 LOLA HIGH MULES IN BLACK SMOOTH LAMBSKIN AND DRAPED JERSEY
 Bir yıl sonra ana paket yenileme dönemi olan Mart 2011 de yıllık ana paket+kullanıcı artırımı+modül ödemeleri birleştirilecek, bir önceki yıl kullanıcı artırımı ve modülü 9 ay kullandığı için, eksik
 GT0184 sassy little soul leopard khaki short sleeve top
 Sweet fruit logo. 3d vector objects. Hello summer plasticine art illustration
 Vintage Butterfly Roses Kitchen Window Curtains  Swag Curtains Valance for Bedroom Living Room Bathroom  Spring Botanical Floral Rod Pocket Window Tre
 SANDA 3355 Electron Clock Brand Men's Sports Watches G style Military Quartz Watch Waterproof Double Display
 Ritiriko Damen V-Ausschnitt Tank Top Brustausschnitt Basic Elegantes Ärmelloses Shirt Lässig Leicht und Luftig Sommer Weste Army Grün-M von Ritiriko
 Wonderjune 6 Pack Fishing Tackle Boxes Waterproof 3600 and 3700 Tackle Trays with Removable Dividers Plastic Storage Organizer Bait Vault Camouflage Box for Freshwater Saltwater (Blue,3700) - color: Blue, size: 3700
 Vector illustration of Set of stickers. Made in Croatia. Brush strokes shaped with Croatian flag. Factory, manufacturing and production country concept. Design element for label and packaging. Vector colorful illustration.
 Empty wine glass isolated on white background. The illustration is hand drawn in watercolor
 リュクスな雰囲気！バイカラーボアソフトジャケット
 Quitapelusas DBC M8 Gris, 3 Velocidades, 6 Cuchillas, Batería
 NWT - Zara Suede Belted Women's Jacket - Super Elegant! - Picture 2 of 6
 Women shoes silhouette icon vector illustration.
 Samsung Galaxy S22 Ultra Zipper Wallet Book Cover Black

Activity
Each line from the one containing "Quitapelusas DBC M8" to the end of the listing above must be printed exactly, and no other line may appear.

Exercise result
 Quitapelusas DBC M8 Gris, 3 Velocidades, 6 Cuchillas, Batería
 NWT - Zara Suede Belted Women's Jacket - Super Elegant! - Picture 2 of 6
 Women shoes silhouette icon vector illustration.
 Samsung Galaxy S22 Ultra Zipper Wallet Book Cover Black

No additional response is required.